Zarówno kolor upierzenia jak i sposób ataku odpowiadają temu drugiemu. "

Co wy na to?

Basior - 2007-04-04, 21:30

rafklim napisał/a:
Co wy na to?
Ja bym mu powiedział, niech se kupi klucz do rozpoznawania ptaków i go przeczyta...
Accipiter - 2007-04-05, 06:58

rafklim napisał/a:
"Ten ptak to nie sokół wędrowny a trochę bardziej "pospolity" myszołów.
Zarówno kolor upierzenia jak i sposób ataku odpowiadają temu drugiemu. "

Fju fju, a zatem to chyba jakas nowa odmiana barwna albo krzyżowka myszołowa z sokołem :lol:

rafklim - 2007-04-05, 07:01

jeszcze się upiera:
...tu się nie zgodzę, mój ojciec zajmuje się profesjonalną hodowlą gołębii pocztowych, startuje w zawodach etc. Sam byłem świadkiem ataku właśnie myszołowa. Nie wiem, może warmińskie ptactwo ma inne zwyczaje.
jeśli potwierdzają to inne osoby - mogło tak być, ale zdjęcie nie jest na tyle wyraźne, by arbitralnie stwierdzić gatunek atakującego ptaka. "

Przy okazji dowiem się czegoś nowego: czy myszaki atakują w locie gołębie?

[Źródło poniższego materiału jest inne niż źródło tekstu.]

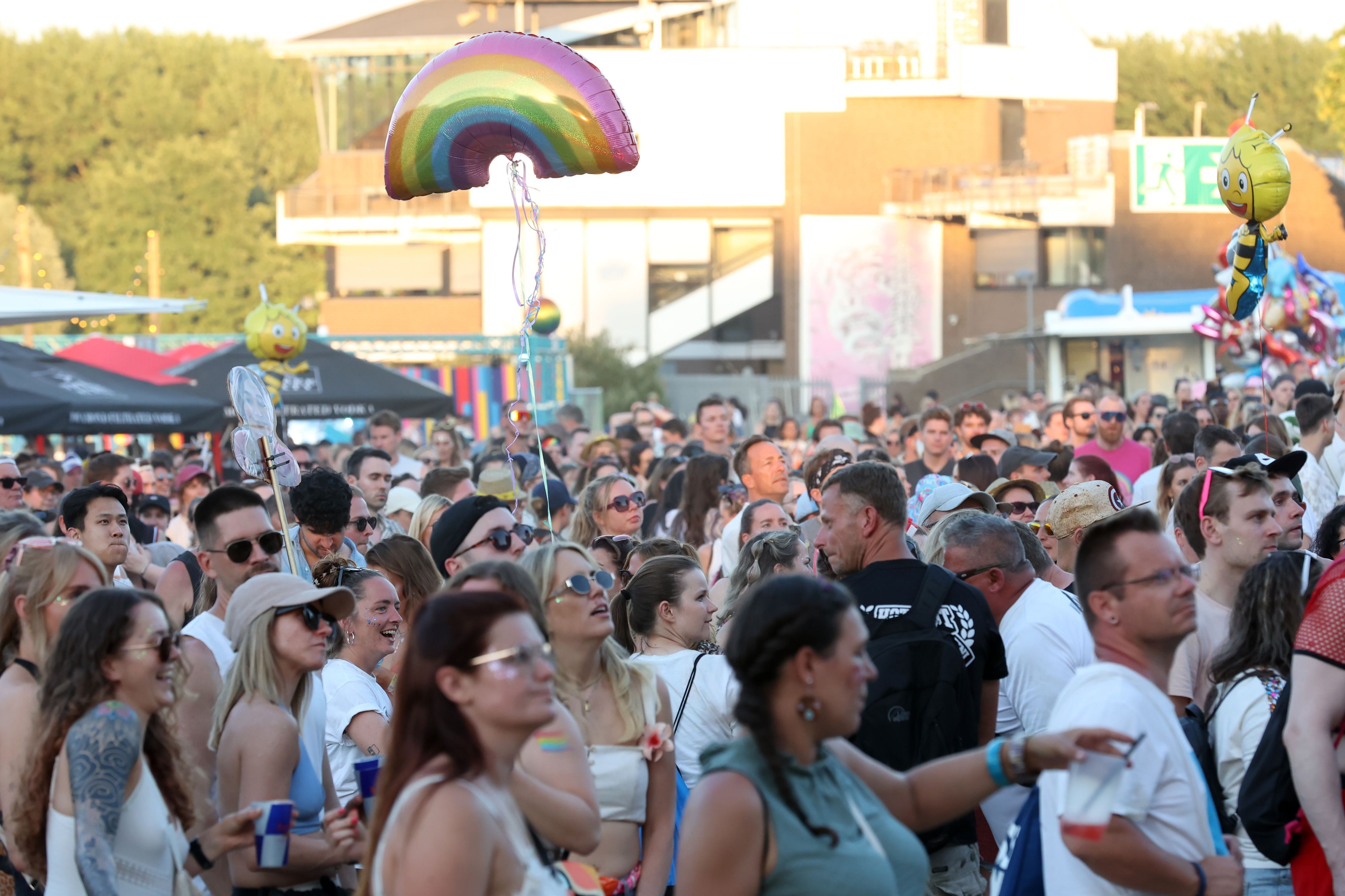Trotz Hitzewelle: Kölner Rainbow-Festival findet statt – diese Regeln gelten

Accipiter - 2007-04-05, 07:08

rafklim napisał/a:
...tu się nie zgodzę, mój ojciec zajmuje się profesjonalną hodowlą gołębii pocztowych, startuje w zawodach etc.

..no, w to akurat mogę uwierzyć.

rafklim napisał/a:
Sam byłem świadkiem ataku właśnie myszołowa. Nie wiem, może warmińskie ptactwo ma inne zwyczaje.

Ciekawe jakie zatem zwyczaje mają te ptaki z moich okolic :wink: :roll:
Nie, naprawdę, tu nie ma co dłużej prowadzić dochodzenia- z takich krótkich odpowiedzi "profesjonalistów" można wszystko wyczytać! Czytałem kiedyś wypowiedzi myśliwych i hodowców gołębi odnośnie ptaków drapieżnych- to co te typy wypisywały przechodzi ludzkie pojęcie!

rafklim napisał/a:
jeśli potwierdzają to inne osoby - mogło tak być, ale zdjęcie nie jest na tyle wyraźne, by arbitralnie stwierdzić gatunek atakującego ptaka. "

Ja potwierdzam, że to ewidentny sokolik, a zdjęcie może nie jest abyt wyraźne, ale wystarczające aby w 100% oznaczyć gatunek drapola!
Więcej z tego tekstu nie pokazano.